На протяжении многих лет одной из моих главных тем была мысль о том, что у «дьявола металлическое лицо». Возможно, теперь в это стоит внести поправку. То, что я увидел и о чем потом написал на самом деле не являлось лицом, но маской поверх лица. И настоящее лицо является противоположностью маски. Только так и может быть. Поверх свирепого холодного металла не помещают холодный металл. Его помещают поверх мягкой плоти, наподобие тому, как искусно украшает себя беззащитный мотылек, дабы отпугивать других существ при помощи рисунка глаз на крыльях. Если эта защитная мера срабатывает, то хищник возвращается в свое логово, проговаривая: «в небе я увидел ужасающее существо – у него были бешеные глаза, оно порхало и имело ядовитое жало». Это впечатляет родное окружение существа. Магия сработала.
Раньше я предполагал, что только плохие люди носят пугающие маски, но, как вы теперь можете увидеть, я сам попал под действие магии маски, ее ужасающей, пугающей магии, ее иллюзии. Я поверил в обман и сбежал. И сейчас мне хочется извиниться за свидетельствование об этом обмане, как о чем-то подлинном. Все выглядит так, будто вы сидите вокруг костра с широко раскрытыми встревоженными глазами, а я вам рассказываю истории о тех жутких монстрах, что повстречал. Мое путешествие к открытиям кончилось ужасающими видениями, которые я добросовестно принес с собой домой по окончанию побега к безопасности. Побега от чего? От чего то, что, когда удовлетворяет свои нужды и жажду, улыбается и раскрывает свою безобидность.

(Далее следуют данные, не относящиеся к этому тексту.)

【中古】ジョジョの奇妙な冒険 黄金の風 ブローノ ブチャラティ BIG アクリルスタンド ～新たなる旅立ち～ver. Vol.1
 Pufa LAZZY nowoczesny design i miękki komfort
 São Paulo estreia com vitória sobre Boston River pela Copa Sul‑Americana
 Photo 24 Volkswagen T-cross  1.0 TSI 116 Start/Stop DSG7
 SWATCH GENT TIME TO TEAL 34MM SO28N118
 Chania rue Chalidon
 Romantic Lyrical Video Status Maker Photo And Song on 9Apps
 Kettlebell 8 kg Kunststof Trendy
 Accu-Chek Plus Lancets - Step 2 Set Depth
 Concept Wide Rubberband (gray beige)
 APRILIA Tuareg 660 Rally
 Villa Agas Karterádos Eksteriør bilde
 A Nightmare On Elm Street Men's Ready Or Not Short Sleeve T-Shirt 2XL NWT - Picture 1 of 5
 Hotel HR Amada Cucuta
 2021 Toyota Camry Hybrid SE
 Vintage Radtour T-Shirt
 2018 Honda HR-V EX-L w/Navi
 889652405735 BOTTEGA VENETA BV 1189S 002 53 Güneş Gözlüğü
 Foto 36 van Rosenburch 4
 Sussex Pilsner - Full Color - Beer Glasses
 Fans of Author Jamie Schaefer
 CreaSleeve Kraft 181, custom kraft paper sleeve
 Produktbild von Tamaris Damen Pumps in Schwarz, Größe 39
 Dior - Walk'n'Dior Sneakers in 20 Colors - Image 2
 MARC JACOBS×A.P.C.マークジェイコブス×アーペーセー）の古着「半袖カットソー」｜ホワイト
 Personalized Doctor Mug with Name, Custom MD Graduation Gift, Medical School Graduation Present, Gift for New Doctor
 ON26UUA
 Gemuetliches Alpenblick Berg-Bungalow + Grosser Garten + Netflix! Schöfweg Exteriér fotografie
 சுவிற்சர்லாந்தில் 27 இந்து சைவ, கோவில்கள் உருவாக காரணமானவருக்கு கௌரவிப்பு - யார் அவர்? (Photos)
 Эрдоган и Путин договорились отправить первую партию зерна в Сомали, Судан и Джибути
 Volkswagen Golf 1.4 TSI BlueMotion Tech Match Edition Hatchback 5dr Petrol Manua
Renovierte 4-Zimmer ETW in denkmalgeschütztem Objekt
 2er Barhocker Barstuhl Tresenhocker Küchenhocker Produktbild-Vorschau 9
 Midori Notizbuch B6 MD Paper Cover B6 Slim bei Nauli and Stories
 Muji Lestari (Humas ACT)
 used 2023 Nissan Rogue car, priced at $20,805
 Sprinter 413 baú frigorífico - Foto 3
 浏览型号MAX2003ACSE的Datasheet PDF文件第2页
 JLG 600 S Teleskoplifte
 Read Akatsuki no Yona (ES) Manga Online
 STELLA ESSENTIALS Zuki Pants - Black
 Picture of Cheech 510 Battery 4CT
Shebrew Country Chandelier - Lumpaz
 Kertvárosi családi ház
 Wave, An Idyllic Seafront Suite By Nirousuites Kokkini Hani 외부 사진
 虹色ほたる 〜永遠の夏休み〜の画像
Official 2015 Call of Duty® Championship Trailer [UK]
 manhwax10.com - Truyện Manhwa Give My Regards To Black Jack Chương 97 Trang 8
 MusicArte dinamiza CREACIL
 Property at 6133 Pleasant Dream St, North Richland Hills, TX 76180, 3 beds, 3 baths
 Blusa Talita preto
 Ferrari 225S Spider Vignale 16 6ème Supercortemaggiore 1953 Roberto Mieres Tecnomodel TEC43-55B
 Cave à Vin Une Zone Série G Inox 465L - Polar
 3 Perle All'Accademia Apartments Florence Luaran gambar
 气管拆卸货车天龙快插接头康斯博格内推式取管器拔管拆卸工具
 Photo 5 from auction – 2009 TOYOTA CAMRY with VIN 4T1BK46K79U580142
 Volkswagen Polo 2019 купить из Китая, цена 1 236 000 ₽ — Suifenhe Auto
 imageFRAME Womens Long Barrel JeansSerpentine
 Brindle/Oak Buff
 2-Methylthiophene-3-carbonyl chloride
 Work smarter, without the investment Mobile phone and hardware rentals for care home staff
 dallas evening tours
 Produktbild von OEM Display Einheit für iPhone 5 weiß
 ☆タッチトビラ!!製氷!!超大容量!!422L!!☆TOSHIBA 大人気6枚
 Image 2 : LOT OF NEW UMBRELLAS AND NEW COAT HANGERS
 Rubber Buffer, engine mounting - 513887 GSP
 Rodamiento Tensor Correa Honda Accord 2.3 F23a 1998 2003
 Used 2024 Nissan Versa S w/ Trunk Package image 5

Я не намерен отбрасывать в сторону мою дихотомию между «человеком» и «андроидом», в коей последний является жестокой и дешевой пародией на человека, на его сущностный аспект. Но до этого я ходил по поверхности; необходимо провести более подробное разграничение между этими категориями. Ибо если тихая безвредная жизнь прячется за устрашающей маской войны, то за любящими и тихими масками может скрываться порочный убийца людских душ. В каждом из этих случаев мы не можем полагаться на поверхностные впечатления, мы должны проникнуть в центр каждого явления, в самое сердце обсуждаемого предмета.
Пожалуй, все во вселенной служит благой цели. Но существуют имманентные структуры, субсистемы, которые забирают жизнь. Мы должны иметь с ними дело в этом качестве, без соотнесенности с их ролью в целокупной структуре.
В Сефер Йецире, «Книге Творения», одном из текстов в каббале, которому уже почти 2 тысячи лет, говорится: «Бог также установил одно напротив другого, добро напротив зла и зло напротив добра. Добро исходит из добра, а зло из зла. Добро очищает зло, а зло – добро. Добро существует для добродетельных, а зло для порочных.»
Обуславливает две играющие силы Бог, который одновременно является ими обеими и ни одной из них. Результат игры заключается в очищении и искуплении каждой из сторон. Таким образом, древнееврейский монотеизм предвосхитил наш взгляд. Мы являемся существами, живущими внутри игры, сходства и различия в которой предопределены для нас – но не слепым случаем, а неутомимыми энграммирующими системами, в которых уже заключены все их возможные проявления в будущем и которые мы смутно замечаем. Если бы мы видели их более ясно, то мы бы прекратили игру. Очевидно, это не послужило бы ни чьим интересам. Нам стоит довериться этим тропизмам, да и у нас нет иного выбора – до тех пор, пока тропизмы не рассеиваются. И в определенных условиях они способны на это. В этой точке, многое из того, что нам доселе было намеренно закрыто, становится ясным.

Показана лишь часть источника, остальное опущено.